Skift Take
Sun, savings and sport are all factors driving Europe’s tourism recovery.
Elizabeth Casolo
A recent report from the European Travel Commission found that Europe approached pre-pandemic tourism levels last year, but some countries are beginning to exceed them in early 2024.
While not all European countries share data on foreign visitors, some countries welcomed more tourists earlier this year than they did during the same period in 2019. Based on data from reporting countries, foreign arrivals increased by 7.2 percent, while foreign overnight stays increased by 6.5 percent.
Here are some key players to watch as Europe recovers:
Southern/Mediterranean Europe
Serbia has had the highest growth rate in international visitor numbers since 2019.
“Serbia stands out as a growth destination, with tourism activity again this year significantly exceeding 2019 and even higher than last year, giving us confidence that this is not a temporary post-COVID surge,” the report said.

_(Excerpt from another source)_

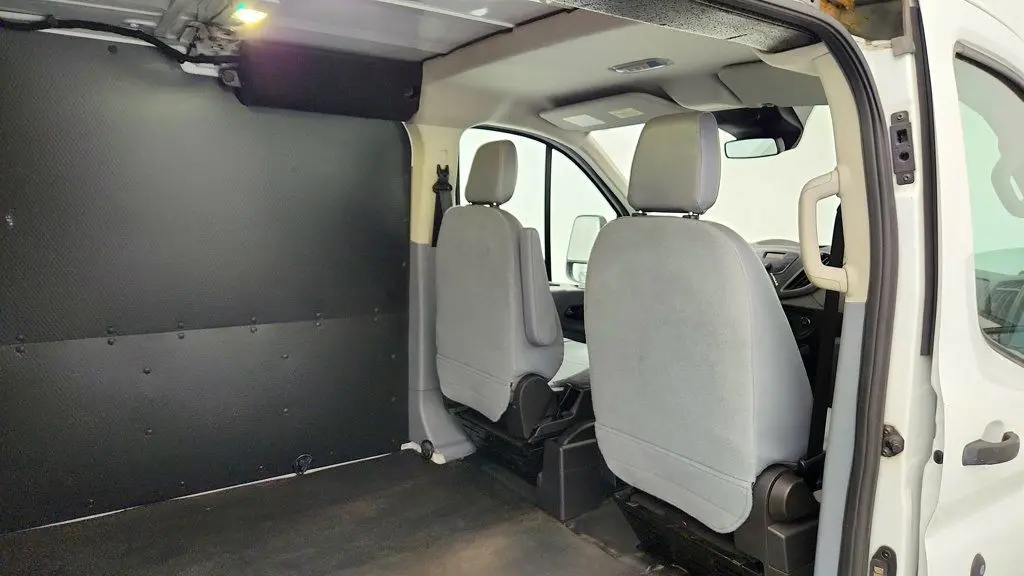 2017 Ford Transit 350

International visitor numbers to Turkey and Malta also increased significantly in the first quarter of 2024 compared to pre-pandemic levels. According to the European Travel Commission, these southern European destinations are likely to come out on top thanks to their warmer, milder climates and more affordable prices.
Michelle Buttigieg, North American representative for the Malta Tourism Board, said Malta was one of the first countries to adopt digital nomad programs. From a U.S. or Canadian perspective, Malta’s climate and atmosphere are also attractive.

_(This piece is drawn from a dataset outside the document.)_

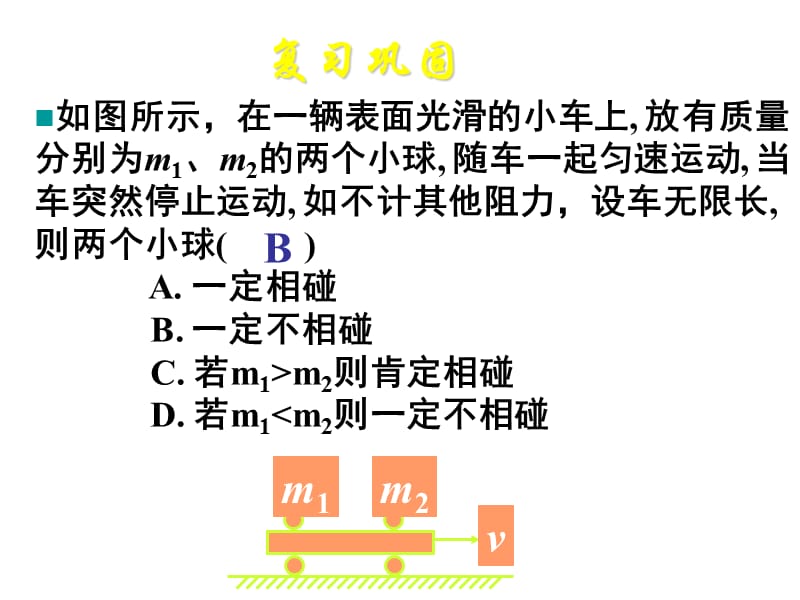 《探究加速度與力、質量的關系》課件.ppt_第1頁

“The North American market has seen a dramatic increase in the number of American and Canadian travelers to Malta since the pandemic,” Buttigieg said in a statement. The Malta Tourism Board reported that the number of American visitors in 2023 is on track to be 35% higher than in 2022.
Visa restrictions limit Russian travel elsewhere in Europe, but easier access for Russians to Turkey and Serbia could boost tourism to those destinations, the report said.
International Arrivals Year-to-date Percentage Change
CountryEarly 2024 Compared to 2019Overall 2023 Compared to 2019Serbia46.9%15.6%Turkey35.3%9.2%Malta34.8%8.1%
Source: European Travel Commission / TourMIS (http://www.tourmis.info)
Western Europe
Forecasts suggest tourist spending across Europe will be even higher this year than in 2019, especially on food and drink, due to inflation.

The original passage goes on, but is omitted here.